··· Source material
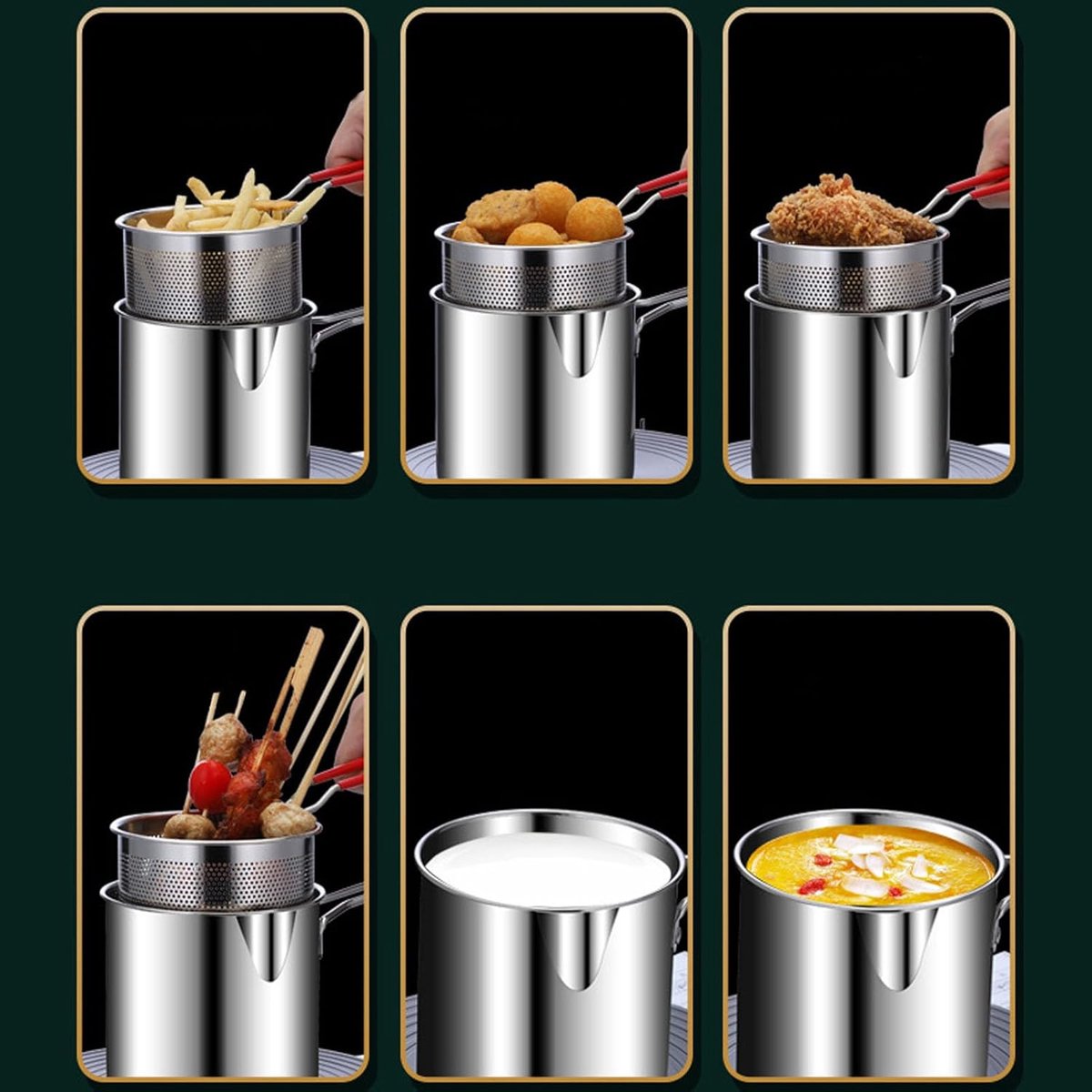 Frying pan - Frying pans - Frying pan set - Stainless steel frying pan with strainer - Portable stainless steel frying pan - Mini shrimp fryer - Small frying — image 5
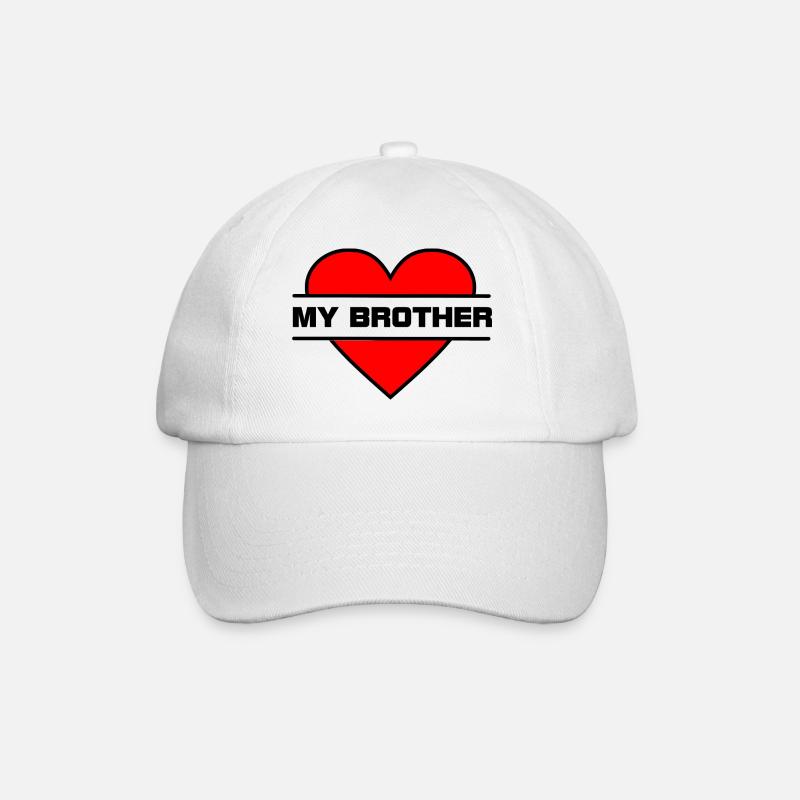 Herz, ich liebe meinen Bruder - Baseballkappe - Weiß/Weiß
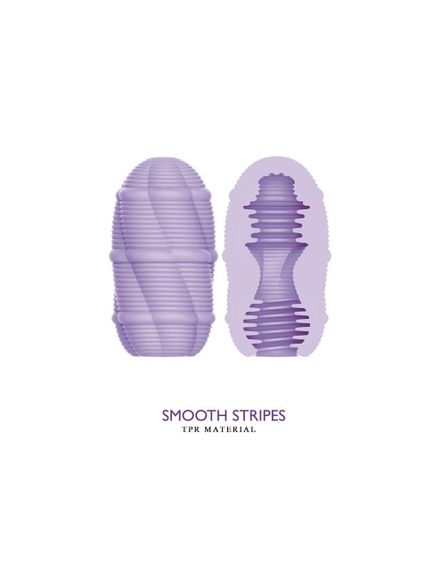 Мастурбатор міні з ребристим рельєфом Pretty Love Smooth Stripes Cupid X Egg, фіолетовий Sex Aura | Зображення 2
······
**Task to carry out**: Make an exact copy of the data, leaving its pictures out.

**Task output**:
 Frying pan - Frying pans - Frying pan set - Stainless steel frying pan with strainer - Portable stainless steel frying pan - Mini shrimp fryer - Small frying — image 5
 Herz, ich liebe meinen Bruder - Baseballkappe - Weiß/Weiß
 Мастурбатор міні з ребристим рельєфом Pretty Love Smooth Stripes Cupid X Egg, фіолетовий Sex Aura | Зображення 2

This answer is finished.